13 Giu 2016 9:51 - di Redazione

“Gonfiare” i rimborsi del carburante, anche del doppio rispetto a quello effettivamente consumato per esigenze di lavoro, è un comportamento che lede il rapporto di fiducia tra datore e dipendenti e può portare anche al licenziamento. Lo sottolinea la Cassazione accogliendo un ricorso di Sky contro un dipendente della sede di Ancona che «aveva chiesto rimborsi del prezzo del carburante eccessivi rispetto ai consumi sostenuti». In primo e secondo grado, i magistrati abruzzesi avevano invece ritenuto “sproporzionata” la sanzione della perdita del posto di lavoro «vista la modesta intensità del dolo», e considerato anche che Sky non si era subito accorta delle infrazioni commesse dal dipendente ingenerando in lui la convinzione che ci fosse “tolleranza” per quella sorta di “benefit” da rimborso gonfiato che Marco S. percepiva senza averne diritto.

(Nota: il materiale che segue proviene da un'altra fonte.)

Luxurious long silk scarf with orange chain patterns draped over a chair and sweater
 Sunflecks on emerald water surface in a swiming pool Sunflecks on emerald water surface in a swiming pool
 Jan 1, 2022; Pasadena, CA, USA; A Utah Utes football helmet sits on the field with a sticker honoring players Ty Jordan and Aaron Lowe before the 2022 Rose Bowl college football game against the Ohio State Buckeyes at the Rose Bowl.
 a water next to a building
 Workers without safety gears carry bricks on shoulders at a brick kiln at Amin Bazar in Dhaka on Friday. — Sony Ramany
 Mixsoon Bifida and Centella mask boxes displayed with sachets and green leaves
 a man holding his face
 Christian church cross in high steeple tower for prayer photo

Il controllo dei dipendenti

Questo punto di vista non è stato condiviso dagli ermellini che, con la sentenza 10069 hanno annullato con rinvio alla Corte di Appello dell’Aquila, la decisione di reintegrare il lavoratore nel suo posto. «Il datore di lavoro ha il potere, ma non l’obbligo, di controllare in modo continuo ed assiduo i propri dipendenti contestando loro immediatamente qualsiasi infrazione al fine di evitare un possibile aggravamento: un obbligo siffatto, – rileva la Cassazione – non previsto da alcuna norma di legge né desumibile dai principi di correttezza e buona fede, negherebbe in radice il carattere fiduciario del rapporto di lavoro subordinato, che implica che il datore di lavoro normalmente conti sulla correttezza del proprio dipendente, ossia che faccia affidamento sul fatto che egli rispetti i propri doveri anche in assenza di continui controlli». Quanto alla tempestività della contestazione disciplinare, ad avviso degli “ermellini” essa «va valutata non in relazione al momento in cui il datore avrebbe potuto accorgersi dell’infrazione ove avesse esercitato assidui controlli sull’operato del proprio dipendente, ma in relazione al momento in cui ne abbia acquisito piena conoscenza».